BRIEF | Restate exactly, and only, the lines from the one containing "STOP making these" through the end of the entries, keeping both endpoints.

INFORMATION SUPPLIED |
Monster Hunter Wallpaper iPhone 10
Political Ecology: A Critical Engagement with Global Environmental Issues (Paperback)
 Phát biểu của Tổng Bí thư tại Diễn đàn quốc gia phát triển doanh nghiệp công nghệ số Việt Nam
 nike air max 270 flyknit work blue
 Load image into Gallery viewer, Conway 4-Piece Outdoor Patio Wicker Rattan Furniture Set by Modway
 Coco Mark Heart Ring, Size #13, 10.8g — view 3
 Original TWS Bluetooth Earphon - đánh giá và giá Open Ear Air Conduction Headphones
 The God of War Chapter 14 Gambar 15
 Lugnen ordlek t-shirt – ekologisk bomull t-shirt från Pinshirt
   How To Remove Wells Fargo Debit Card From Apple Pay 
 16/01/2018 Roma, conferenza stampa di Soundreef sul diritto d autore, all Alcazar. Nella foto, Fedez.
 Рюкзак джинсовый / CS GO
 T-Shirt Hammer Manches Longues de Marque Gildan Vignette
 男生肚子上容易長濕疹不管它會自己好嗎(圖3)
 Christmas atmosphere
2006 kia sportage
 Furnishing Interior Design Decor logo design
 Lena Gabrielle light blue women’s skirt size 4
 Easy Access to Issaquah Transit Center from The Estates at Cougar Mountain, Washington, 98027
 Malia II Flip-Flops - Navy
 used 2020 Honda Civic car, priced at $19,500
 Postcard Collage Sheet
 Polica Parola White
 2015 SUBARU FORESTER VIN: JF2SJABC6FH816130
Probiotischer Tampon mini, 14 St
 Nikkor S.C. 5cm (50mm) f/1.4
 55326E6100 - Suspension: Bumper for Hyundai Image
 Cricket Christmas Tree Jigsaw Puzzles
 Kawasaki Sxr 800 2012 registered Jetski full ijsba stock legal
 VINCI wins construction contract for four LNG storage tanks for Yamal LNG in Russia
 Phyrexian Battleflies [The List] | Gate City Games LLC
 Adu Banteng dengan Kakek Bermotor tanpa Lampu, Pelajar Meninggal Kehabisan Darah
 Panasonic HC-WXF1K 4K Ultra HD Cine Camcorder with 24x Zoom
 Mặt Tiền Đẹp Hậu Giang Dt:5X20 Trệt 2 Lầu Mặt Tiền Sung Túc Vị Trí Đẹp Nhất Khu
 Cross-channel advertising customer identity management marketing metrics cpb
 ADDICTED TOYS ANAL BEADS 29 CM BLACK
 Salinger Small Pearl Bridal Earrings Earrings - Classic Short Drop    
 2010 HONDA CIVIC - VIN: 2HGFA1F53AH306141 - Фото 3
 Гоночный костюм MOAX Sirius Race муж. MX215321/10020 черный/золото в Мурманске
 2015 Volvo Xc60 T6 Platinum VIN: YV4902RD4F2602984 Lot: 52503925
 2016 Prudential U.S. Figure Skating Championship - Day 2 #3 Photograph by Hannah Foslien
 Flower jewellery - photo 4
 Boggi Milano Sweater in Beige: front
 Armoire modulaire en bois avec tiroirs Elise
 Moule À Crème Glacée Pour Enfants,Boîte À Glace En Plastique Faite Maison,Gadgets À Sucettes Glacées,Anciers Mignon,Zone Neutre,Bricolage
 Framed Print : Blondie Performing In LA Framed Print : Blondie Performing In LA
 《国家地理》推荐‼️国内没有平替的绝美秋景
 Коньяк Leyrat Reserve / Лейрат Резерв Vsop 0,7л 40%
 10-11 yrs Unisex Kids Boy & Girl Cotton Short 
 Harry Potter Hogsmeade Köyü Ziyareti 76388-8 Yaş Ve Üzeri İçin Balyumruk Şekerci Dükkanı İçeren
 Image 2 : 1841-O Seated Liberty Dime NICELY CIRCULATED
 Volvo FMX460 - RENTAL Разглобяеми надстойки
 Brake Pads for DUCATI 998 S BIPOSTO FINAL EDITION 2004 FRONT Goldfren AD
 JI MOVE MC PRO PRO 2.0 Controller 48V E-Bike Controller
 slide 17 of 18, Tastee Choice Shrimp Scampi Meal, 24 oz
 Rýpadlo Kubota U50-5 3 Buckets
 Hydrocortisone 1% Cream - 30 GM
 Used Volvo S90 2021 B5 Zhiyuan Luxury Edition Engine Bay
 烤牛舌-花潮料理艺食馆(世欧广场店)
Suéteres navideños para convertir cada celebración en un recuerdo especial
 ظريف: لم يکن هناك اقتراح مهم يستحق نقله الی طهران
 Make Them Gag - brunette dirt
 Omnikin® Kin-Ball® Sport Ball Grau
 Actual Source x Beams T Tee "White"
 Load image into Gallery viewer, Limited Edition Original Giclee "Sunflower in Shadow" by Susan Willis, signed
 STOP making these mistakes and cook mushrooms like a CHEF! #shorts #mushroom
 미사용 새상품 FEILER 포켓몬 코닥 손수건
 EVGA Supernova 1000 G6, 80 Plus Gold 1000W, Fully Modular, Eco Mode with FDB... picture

ANSWER TO THE EXERCISE |
 STOP making these mistakes and cook mushrooms like a CHEF! #shorts #mushroom
 미사용 새상품 FEILER 포켓몬 코닥 손수건
 EVGA Supernova 1000 G6, 80 Plus Gold 1000W, Fully Modular, Eco Mode with FDB... picture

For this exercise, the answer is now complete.